Egypt has prepared for months for an event like the Middle East meeting in the Red Sea resort of Sharm el-Sheikh on Tuesday, with a charm campaign towards Israel and carefully balanced mediation between competing Palestinian factions.
Egyptian intelligence chief, Omar Suleiman, set the summit up last week on one of his increasingly frequent visits to Israel.

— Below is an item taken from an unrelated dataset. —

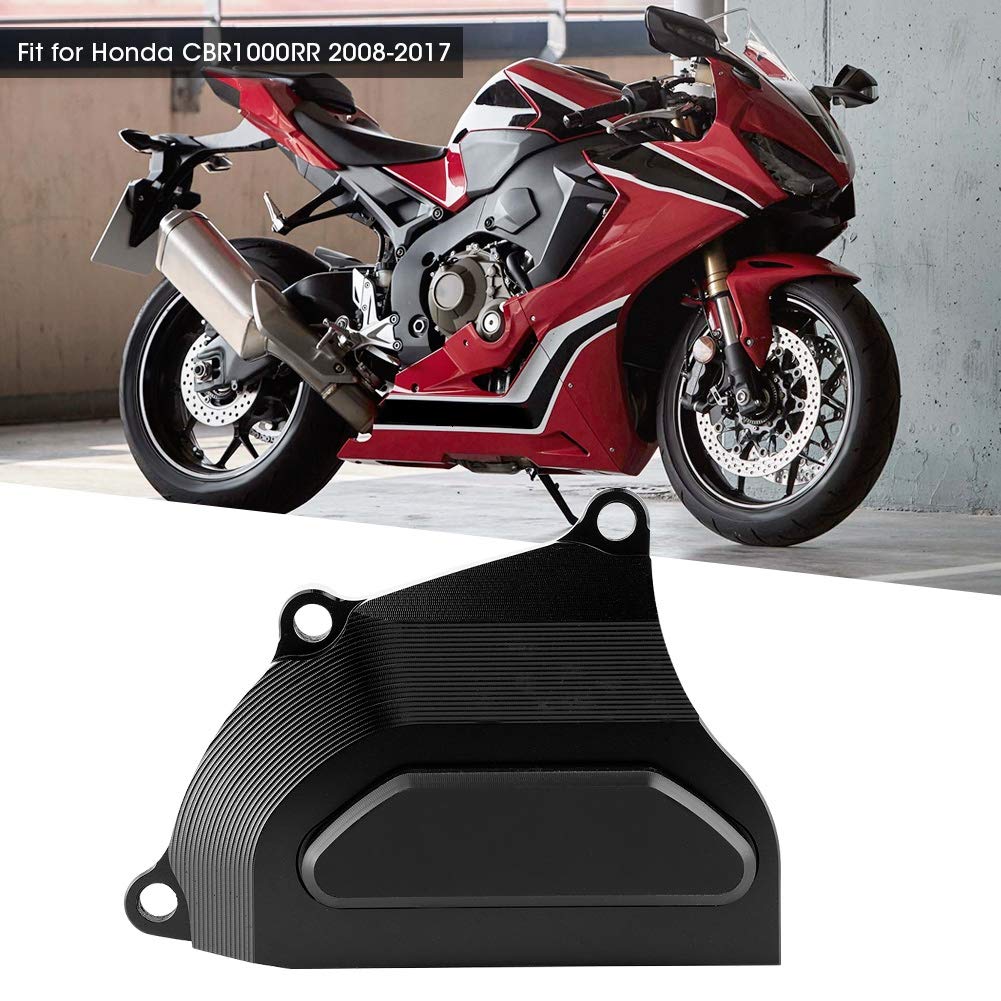 Motorrad CNC Motorabdeckung Slider Crash Pad Fallschutz Passend für CBR1000RR 08-17 vor Stürzen und Kratzern bei Rennen oder Schnellem Fahren.Feine Verarbeitung G (Black) von CFTGIW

He has acted as informal mediator between the Israelis and the Palestinian militants of Hamas and Islamic Jihad.
But apart from the strong desire to see an end to conflict between Israelis and Palestinians, President Hosni Mubarak has subsidiary motives for showing he is indispensable to the mechanics of making peace in the Middle East, analysts say.
Internationally he faces closer than usual scrutiny of the authoritarian Egyptian political system, which has barely changed since Mubarak took office 23 years ago.

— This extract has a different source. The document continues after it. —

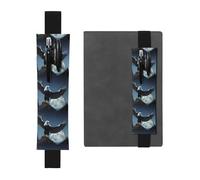 WXZYFP Eagle under the stars Printed double-sided leather (PVC) pencil case bookmark, holds 2-3 pens 8 to 10 inches tall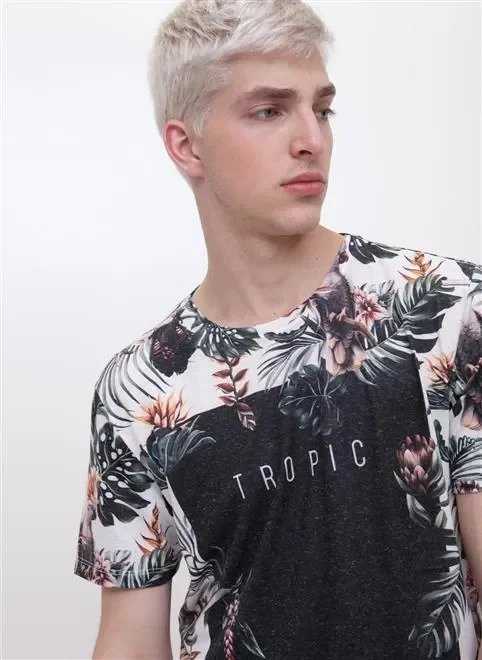 camiseta full calopsita estampa tropic camiseta full calopsita estampa tropic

The Bush administration’s campaign for democracy in the Middle East makes it important for Egypt to prove what a valuable partner it is in the region, analysts say.
“Mubarak is trying to appear as someone doing his utmost to help Israel and the United States in the Middle East, not to be in confrontation with U.S. foreign policy,” said Hassan Nafaa, professor of political science at Cairo University.

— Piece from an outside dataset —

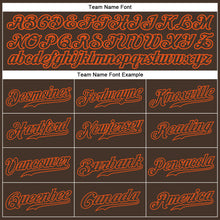 Load image into Gallery viewer, Custom Brown Brown-Orange Authentic Baseball Jersey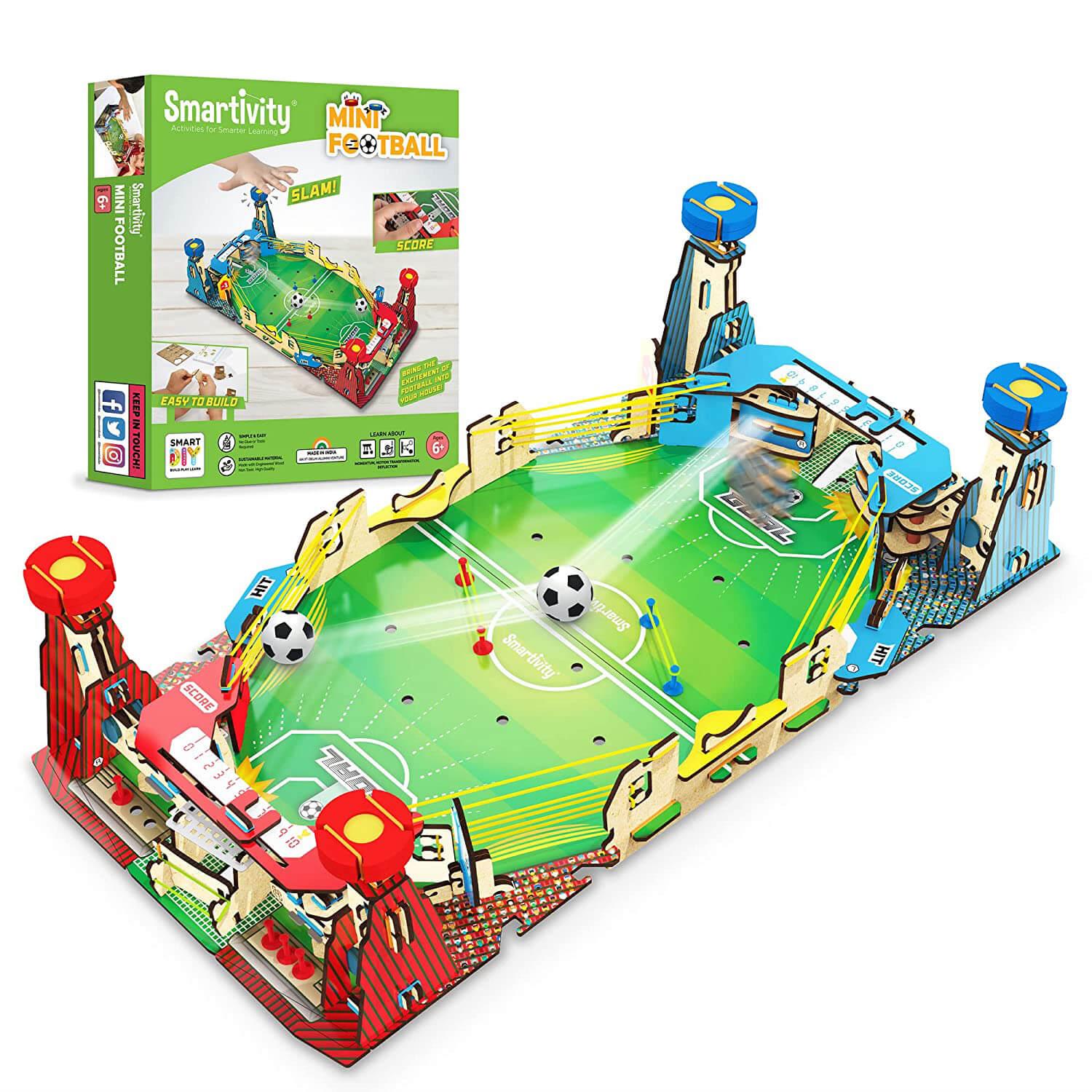 Smartivity Mini Football | Build-It-Yourself Multiplayer STEAM Board Game Curious Minds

For a quarter of a century Washington has been tolerant towards Egyptian governments on repression and human rights abuses in exchange for Egypt’s 1979 treaty with Israel and what it sees as Egypt’s constructive influence over the Palestinians.
That comfortable arrangement is now in dispute. “The helpful role of Egypt’s president ... should not earn him immunity from criticism of his self-perpetuating dictatorship,” The New York Times said in an editorial last week.
Domestically the new cabinet’s priority is to encourage foreign investment, even if that means economic cooperation with Israelis through the Qualified Investment Zones (QIZ) agreement signed with Israel and the United States in December.
Charm Offensive
| Washington has been tolerant towards Egypt on human rights abuses in exchange for Egypt’s 1979 treaty with Israel. |
Though popular with the textile workers who might benefit, the agreement makes the government vulnerable to the argument that it is giving Israel backdoor access to Arab economies.
The charm offensive towards Israel began in the weeks before the signing of the agreement, which allows companies in Egypt to export to the United States without restrictions, provided their products contain at least 11.7 percent Israeli inputs.
The highlight was the release of convicted Israeli spy Azzam Azzam, a textile industry technician whose continued detention might have deterred Israelis interested in investing.
“There seems to be a new deal, with a campaign in Egypt to improve the image of Sharon and to show Israel as a peace-loving nation,” added Emad Gad, a senior researcher at al-Ahram Center for Political and Strategic Studies, a Cairo think-tank.
He noted that the Egyptian state press already has stopped attacks on Sharon and cartoons portraying him as a bully.
Prime Minister Ahmed Nazif implicitly linked the QIZ agreement and the Sharm el-Sheikh summit on Sunday. In the context of the QIZ, he said: “Taking care of Egypt’s interests goes hand in hand with moves in the Palestinians’ interests.”
On the ground, diplomats say, Egypt has earned a voice in Israeli-Palestinian talks because of the role it is already playing in preparing for Israeli withdrawal from Gaza.
Some 40 Palestinian police officers went to Egypt last week for training at Egyptian institutions and Egypt has offered to reinforce its security presence on the border between Gaza and Egypt to prevent arms smuggling, a chronic Israeli complaint.
Under a draft agreement which could be signed later this week, Egypt would substitute 750 border guards for the lightly armed police who now patrol the border, officials said.
Speculation has raged for several days about whether Mubarak will agree at Sharm el-Sheikh to another goodwill gesture -- sending an Egyptian ambassador back to Tel Aviv.
Mohamed Bassiouny, the former Egyptian ambassador withdrawn in 2000 in protest, said that if peace talks resumed and the Israelis stopped some of their practices in the Palestinian territories, there would be no obstacle to sending an envoy.